The big send out

I normally send out poems to magazines once a year. However, for some reason I didn’t do it last year, just fired off a few almost at random. That’s given me a problem this year – I’ve written a lot lately, the system has backed up like a clogged drain, and I’ve got far more to send out than is comfortable.

There are certain rules I follow:

1. I regularly read the magazines I send poems to. There is no point in posting poems to magazines which don’t publish your kind of poetry.

2. I always check the mag’s guidelines (again) before I send them off. Writers who don’t read guidelines really piss editors off.

3. I don’t send too many poems to any one magazine – four’s probably enough.

4. I don’t send the same poems to different magazines. Again, editors hate writers who fire off multiple mailings of the same poems.

5. I always include SAE for returns.

6. I always use A5-type envelopes. Anything smaller can be difficult to open. Make the editor’s job easy.

7. I always include a cover-note, but I keep it simple and to the point. Editors can be put off by long and tedious CVs. They don’t need to know what you’ve done and where else you’ve been published.

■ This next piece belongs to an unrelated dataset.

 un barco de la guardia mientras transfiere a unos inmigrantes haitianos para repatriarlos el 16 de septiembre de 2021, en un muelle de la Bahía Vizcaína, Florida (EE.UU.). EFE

8. I don’t assume I have a right to be published. There are many reasons why an editor won’t take a particular poem, and it may have nothing to do with the quality of that poem. I may utter an occasional bad word on rejection, but I don’t brood on it, and I don’t take it personally.

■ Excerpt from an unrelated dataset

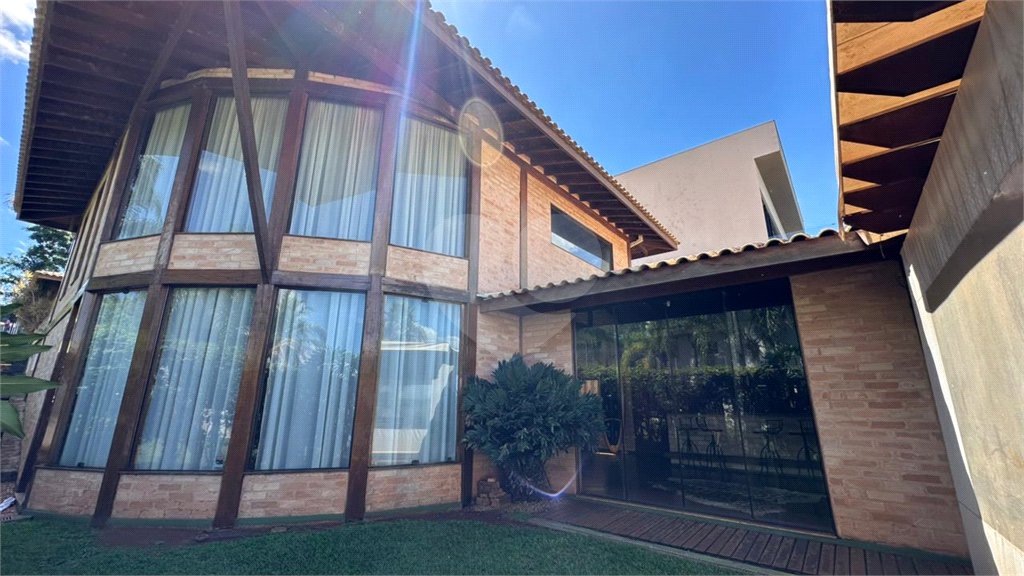 Casa para venda no Condomínio Vivenda do Broa.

9. On the other hand, I write to communicate, and I’m always more than delighted when a poem of mine is accepted.

10. When a poem is rejected I may revise it and send it to another magazine later – I don’t send it back to the same editor.

So that’s the way I do it. Later this week some 30-odd poems will be whizzing off to maybe 8 magazines. It would be nice if 10 are accepted.


About sunnydunny

Poet, publisher, gardener
This entry was posted in poetry magazines, poetry submissions. Bookmark the permalink.

2 Responses to The big send out

  1. Rik says:

    Hey, Colin.

    I'd not worry about your #4 nowadays; most editors are happy to consider simultaneous submissions – many even state this in their submissions guidelines – as long as you let them know immediately a poem is accepted at another venue.

    I'm sure many of your drafts will find good homes first time out!

  2. Colin Will says:

    Thanks Rik. I keep changing my mind about what to send where, but I'm nearly there now. 40 poems to 10 mags.